Re: Making Vars outer-join aware

From: Richard Guo <guofenglinux(at)gmail(dot)com>
To: Tom Lane <tgl(at)sss(dot)pgh(dot)pa(dot)us>
Cc: Pg Hackers <pgsql-hackers(at)lists(dot)postgresql(dot)org>, "Finnerty, Jim" <jfinnert(at)amazon(dot)com>
Subject: Re: Making Vars outer-join aware
Date: 2022-08-15 08:48:23
Message-ID: CAMbWs480igxj6hTbvD0WEnzT4XJ8hJXg71EVJO_BcQqN90MQuA@mail.gmail.com
Views: Raw Message | Whole Thread | Download mbox | Resend email
Thread:
Lists: pgsql-hackers

On Tue, Aug 2, 2022 at 3:51 AM Tom Lane <tgl(at)sss(dot)pgh(dot)pa(dot)us> wrote:

> Here's a rebase up to HEAD, mostly to placate the cfbot.
> I accounted for d8e34fa7a (s/all_baserels/all_query_rels/
> in those places) and made one tiny bug-fix change.
> Nothing substantive as yet.

When we add required PlaceHolderVars to a join rel's targetlist, if the
PHV can be computed in the nullable-side of the join, we would add the
join's RT index to phnullingrels. This is correct as we know the PHV's
value can be nulled at this join. But I'm wondering if it is necessary
since we have already propagated any varnullingrels into the PHV when we
apply pullup variable replacement in perform_pullup_replace_vars().
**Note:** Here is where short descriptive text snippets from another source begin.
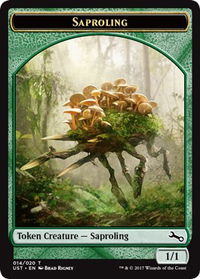 Saproling Token - Unstable (UST) #14 - Token Magic: The Gathering Trading Card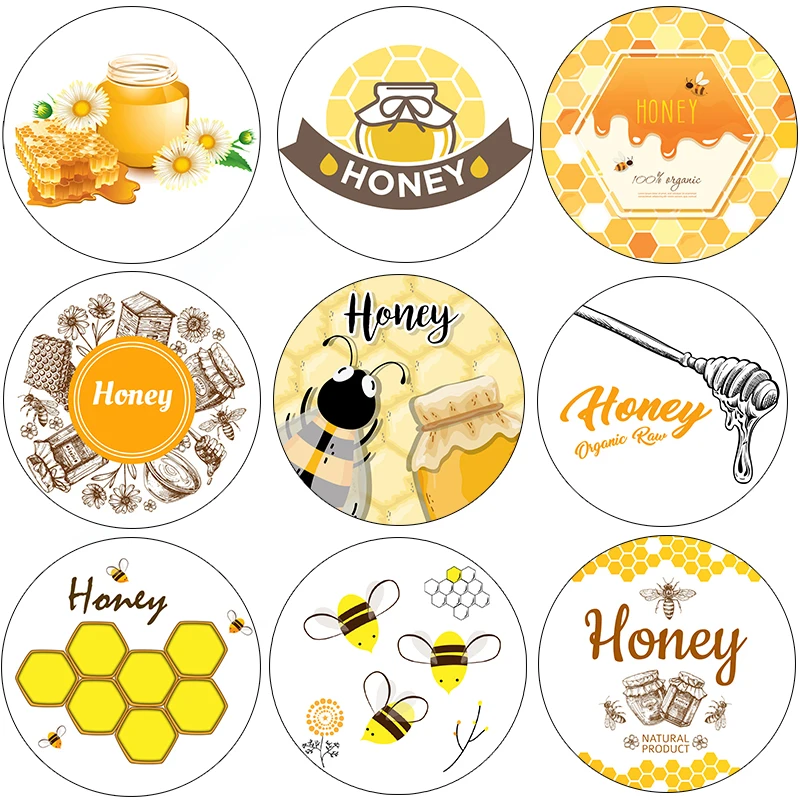 Charming Honey And Bees Sticker Sets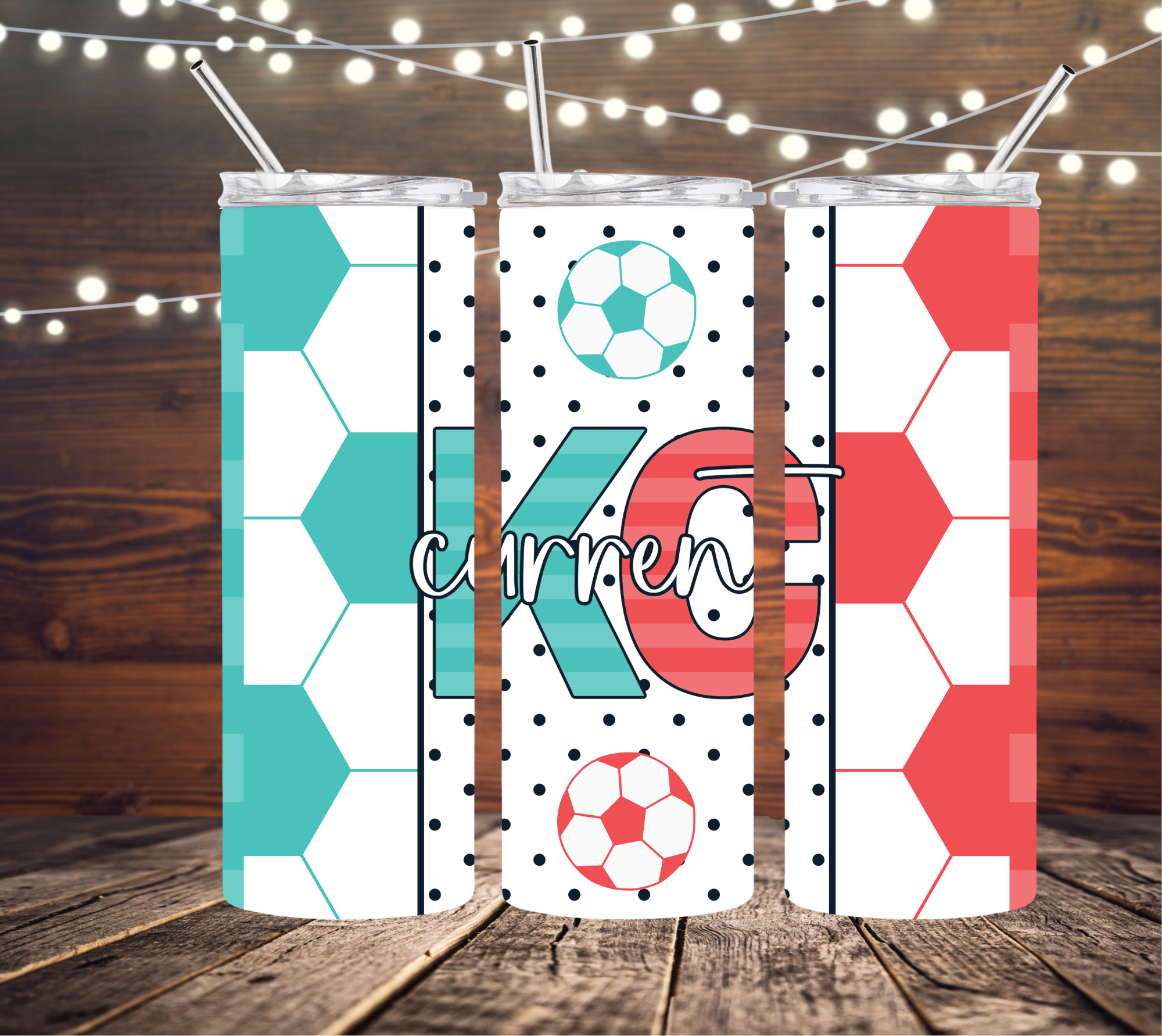 KC Current Soccer 20oz Skinny Tumbler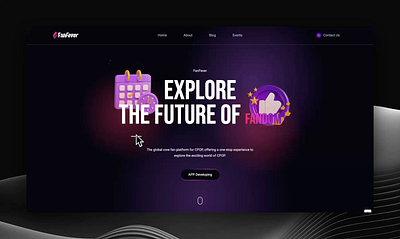 FanFever - Chinese Media Platform app appdesign china chinese fanfever graphic design media web webdesign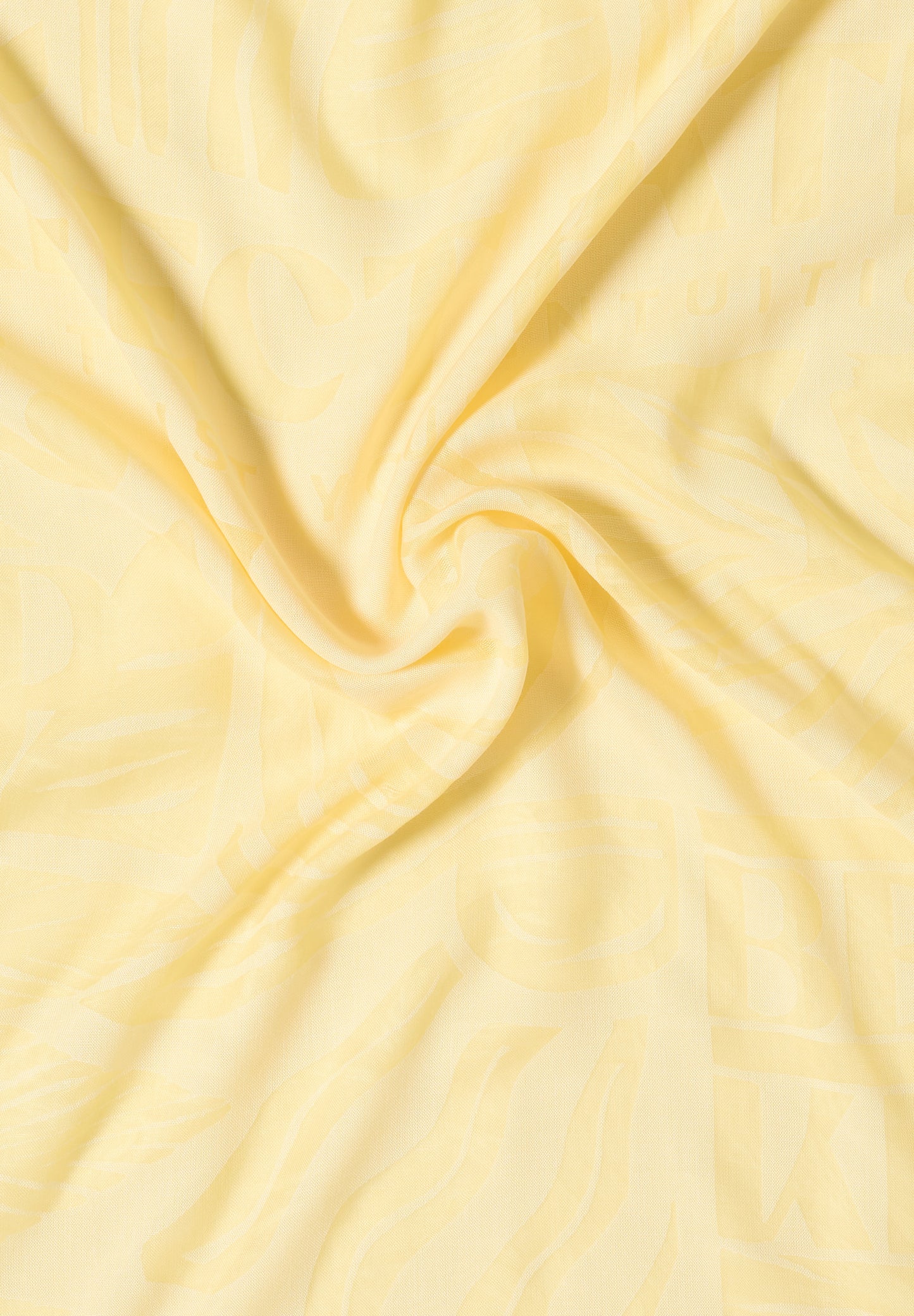 CECIL - Loop-Schal im Ausbrenner-Look - Farbe: buttermilk yellow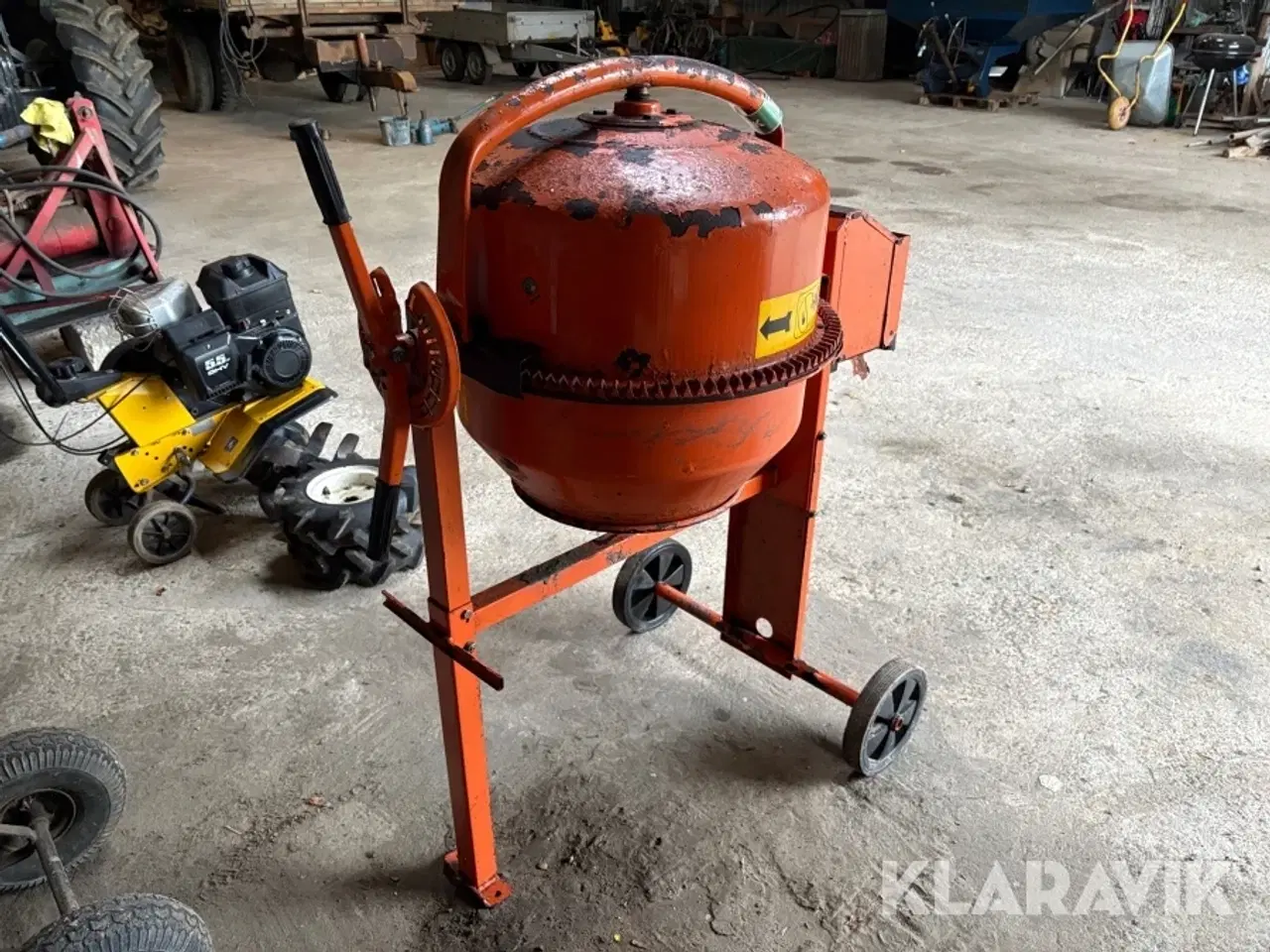 Billede 1 - Cement blander Lescha Euro-Mixer 125 - 125L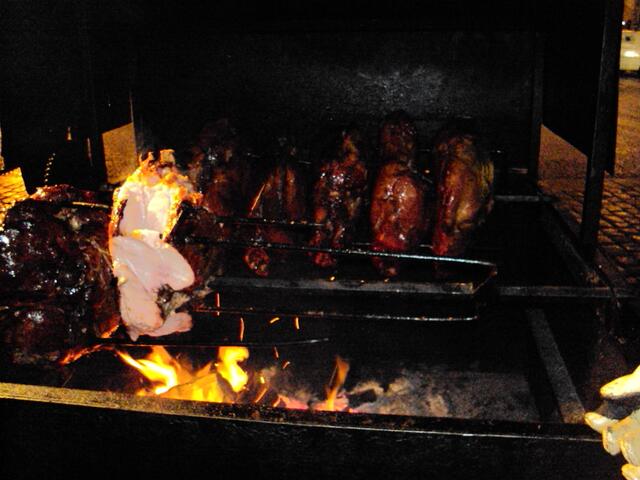 hier wird der "Prager Schinken" gebraten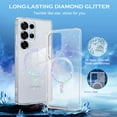 thumbnail image 5 of YINLAI Magnetic for Samsung Galaxy S25 Ultra Case,Clear Crystal Glitter Phone Case [Compatible with Mag-safe] Shockproof Sparkly Cute Women Girl Protective Case for Samsung S25 Ultra 6.7", Clear, 5 of 8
On the other hand, the phnullingrels may contain RT indexes of outer
joins above this join level. It seems not good to add such a PHV to the
joinrel's targetlist. Below is an example:

# explain (verbose, costs off) select a.i, ss.jj from a left join (b left
join (select c.i, coalesce(c.j, 1) as jj from c) ss on b.i = ss.i) on true;
QUERY PLAN
---------------------------------------------------------
Nested Loop Left Join
Output: a.i, (COALESCE(c.j, 1))
-> Seq Scan on public.a
Output: a.i, a.j
-> Materialize
Output: (COALESCE(c.j, 1))
-> Hash Left Join
Output: (COALESCE(c.j, 1))
Hash Cond: (b.i = c.i)
-> Seq Scan on public.b
Output: b.i, b.j
-> Hash
Output: c.i, (COALESCE(c.j, 1))
-> Seq Scan on public.c
Output: c.i, COALESCE(c.j, 1)
(15 rows)

In this query, for the joinrel {B, C}, the PHV in its targetlist has a
phnullingrels that contains the join of {A} and {BC}, which is confusing
because we have not reached that join level.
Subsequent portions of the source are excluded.